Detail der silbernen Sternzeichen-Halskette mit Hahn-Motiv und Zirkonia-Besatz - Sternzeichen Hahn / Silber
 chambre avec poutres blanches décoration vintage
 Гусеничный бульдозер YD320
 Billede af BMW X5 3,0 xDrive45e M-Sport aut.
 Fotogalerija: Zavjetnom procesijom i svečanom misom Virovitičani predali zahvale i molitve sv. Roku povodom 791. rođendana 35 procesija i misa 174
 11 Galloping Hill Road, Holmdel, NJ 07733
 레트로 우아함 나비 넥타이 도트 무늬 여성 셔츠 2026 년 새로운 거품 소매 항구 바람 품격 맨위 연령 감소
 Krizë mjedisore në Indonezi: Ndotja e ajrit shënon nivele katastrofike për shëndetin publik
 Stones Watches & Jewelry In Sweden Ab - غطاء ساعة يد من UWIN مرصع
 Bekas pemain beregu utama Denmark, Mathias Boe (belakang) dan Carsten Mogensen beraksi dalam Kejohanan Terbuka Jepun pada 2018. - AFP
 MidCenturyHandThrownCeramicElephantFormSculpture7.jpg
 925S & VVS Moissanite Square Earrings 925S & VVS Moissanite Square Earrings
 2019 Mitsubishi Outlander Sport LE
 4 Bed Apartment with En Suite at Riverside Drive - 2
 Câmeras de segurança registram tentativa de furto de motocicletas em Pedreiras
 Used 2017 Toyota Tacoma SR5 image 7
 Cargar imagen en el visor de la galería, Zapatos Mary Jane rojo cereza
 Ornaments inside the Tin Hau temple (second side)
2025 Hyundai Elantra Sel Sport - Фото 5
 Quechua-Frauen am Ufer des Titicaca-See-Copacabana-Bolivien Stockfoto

◆ ◆ ◆

▸ **Exercise instructions**
Scan the material for the string "Sport". Copy each line where it appears.

▸ **Solution to the exercise**
 Billede af BMW X5 3,0 xDrive45e M-Sport aut.
 2019 Mitsubishi Outlander Sport LE
2025 Hyundai Elantra Sel Sport - Фото 5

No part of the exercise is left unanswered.